Mark E. Mallett wrote:
On Thu, Dec 16, 2004 at 09:58:53AM +1100, Curtis Maloney wrote:
It never came across to me that you were wanting something specific with dpsam... more that you wanted an explicit trigger for when a user decided something was/wasn't SPAM. And I, personally, love the idea.
I'd still like to see more general hooks on moving into and out of folders, or ways to "redeliver" email, or folders that could act as pipes, e.g. as mentioned in this thread:
http://www.dovecot.org/list/dovecot/2003-July/001973.html
mm
Here's how I use training with dovecot. It's hardly related to dovecot, but we've strayed this far, I thought I would attempt something that might become related again.
bogofilter does a test on email, without an database updates. This keeps the database smaller and since it doesn't change I believe it's cached.
bogofilter goes into three categories: (H)am, (U)nsure, (S)pam.
Ham is copied into a folder, "Ham" and delivered as usual. Unsure is copied into a folder, "Unsure" and delivered as usual. Spam is delivered into a folder, "Spam"

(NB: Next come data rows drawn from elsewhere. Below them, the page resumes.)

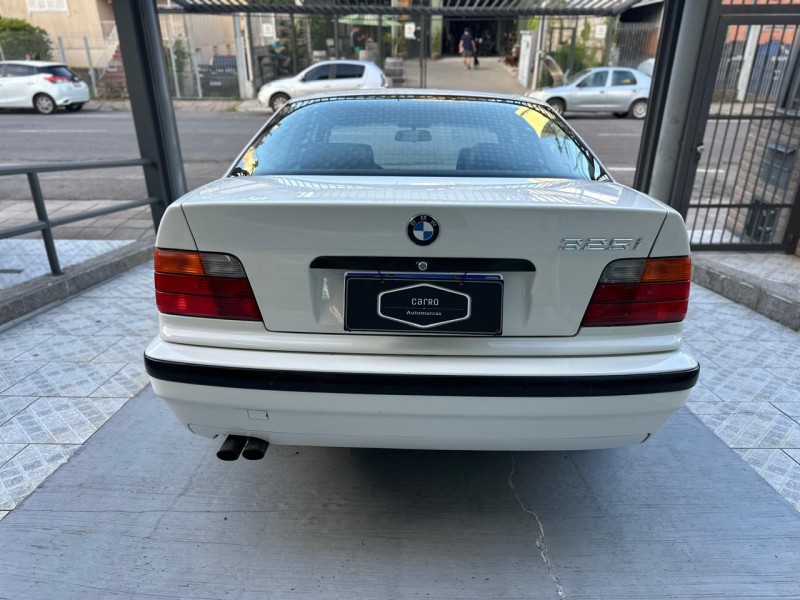 325I 2.5 SEDAN 24V GASOLINA 4P AUTOMÁTICO - 1993 - CAXIAS DO SUL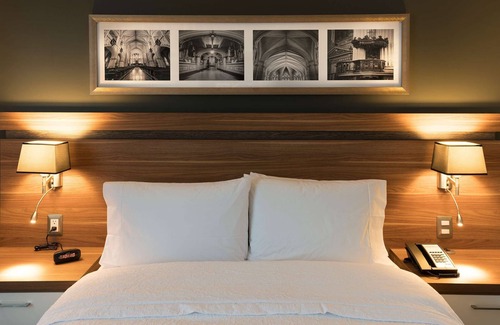 Leon Hotel | Hampton Inn by Hilton Leon Guanajuato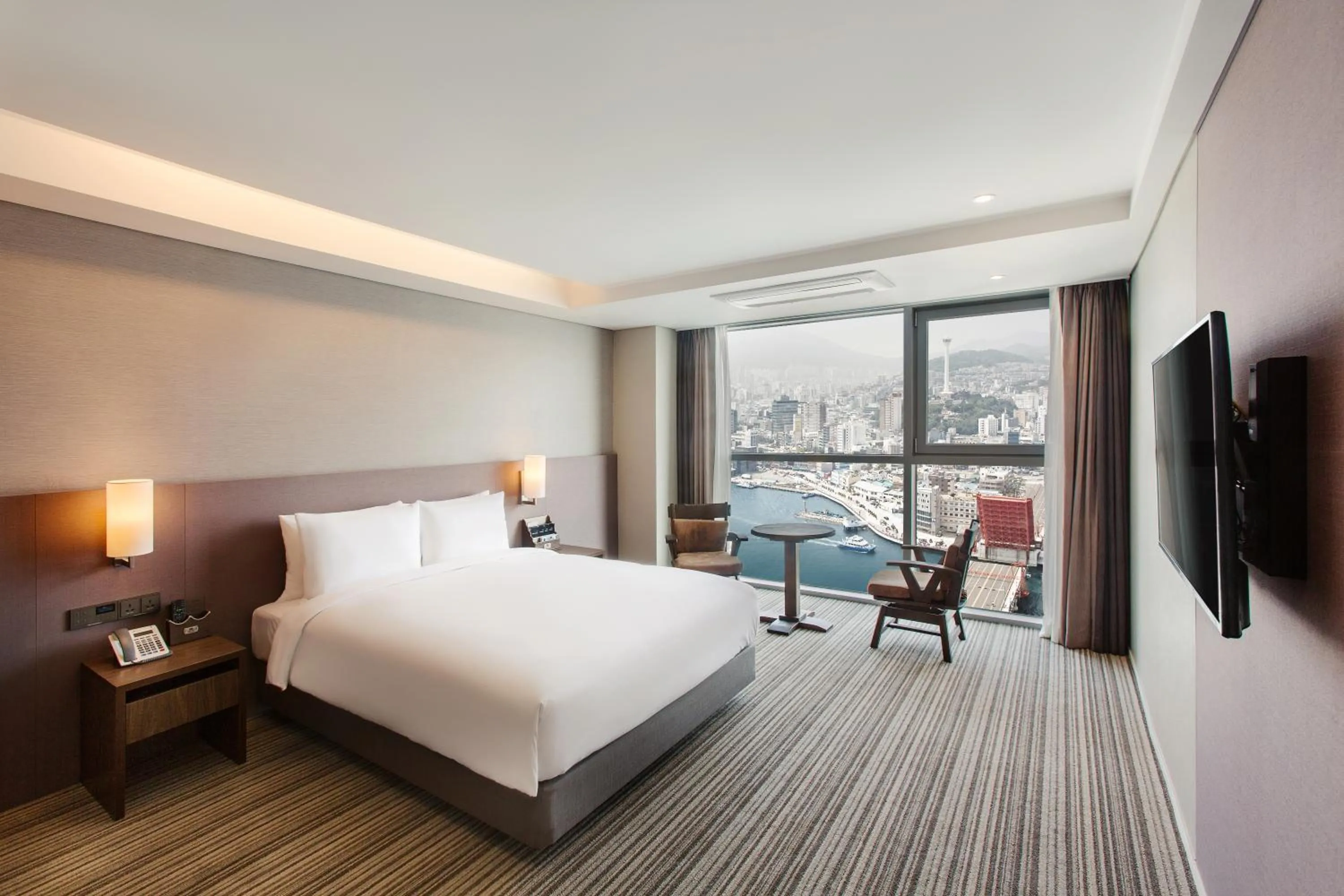 Deluxe Double Room with City View in Hotel Adela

The rest is done through crontabs.
crontab: All email in Ham, Spam that is >4 days old is automatically moved out of the IMAP system (mbox actually, but it's no longer IMAP accessable).
the human: moves Ham/Spam/Unsure into seperate folders, NewHam, NewSpam
crontab: All email in NewHam, NewSpam is checked for learning. If the bogofilter score (H/U/S) doesn't match the folder it's placed in it's used for training. In other words if the score is Unsure or Ham and it's in folder NewSpam then $score != $folder and it's used for retraining.

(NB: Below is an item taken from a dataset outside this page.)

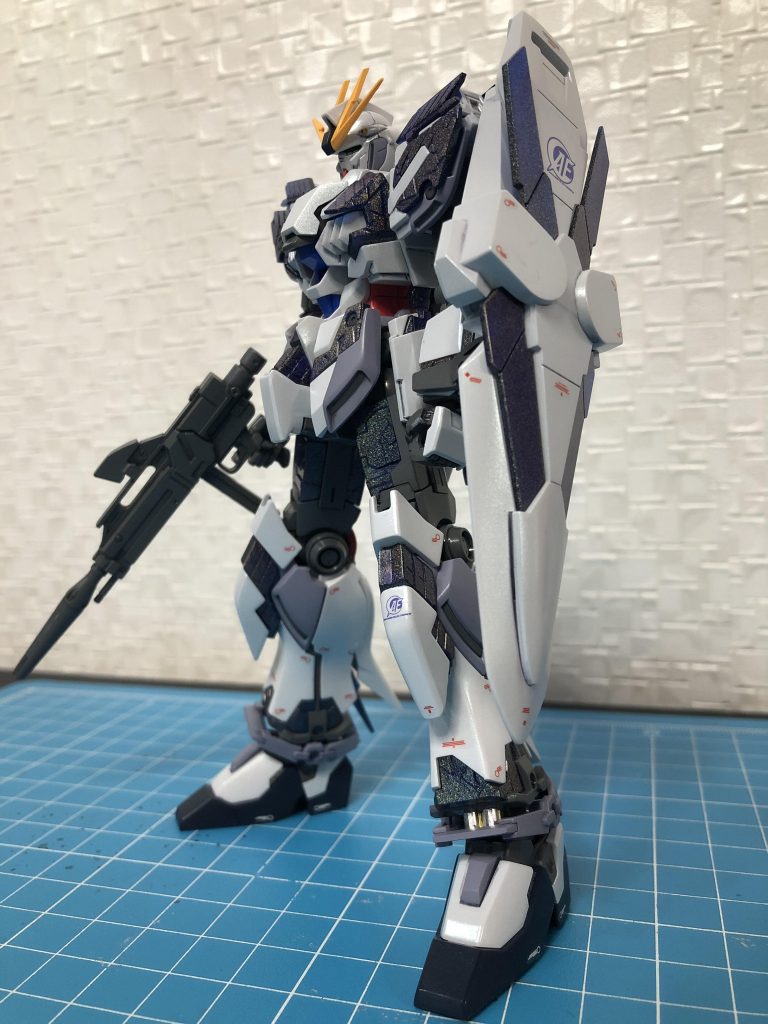 デカール作業中。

I like this method because the crontabs can be run at night when the load is small.
If you trigger training based on a mail copy, what happens when someone dumps 400 emails into a folder all at once? What happens when 30 people do this all at the same time? It might not suit a smaller system at peak hours to have this done.
I would prefer to impliment a system where you can queue up the training in large numbers, but the actual training is done in a managed approach. Over time, the actual amount of training that occurs on a daily basis is on the order of <1 per week so it's not time critical that training be done. At first, I ran it hourly. Now I run it at midnight only. But on a large system, I would never deploy something without an initial wordlist to provide some filtering which would also make hourly jobs unneccessary.
So where does dovecot fall into all of this?
I don't know. I really can't make an arguement for doing anything to an IMAP server that would help with any of this without also making for potential problems. Dumping mail into pipes would lead to an unrecoverable condition if there was a human error (wrong pipe).
Perhaps the only thing would be to ask if moving email through the file system will really screw up the dovecot indexes. Sometimes dovecot reports some pretty strange number of messages in these folders.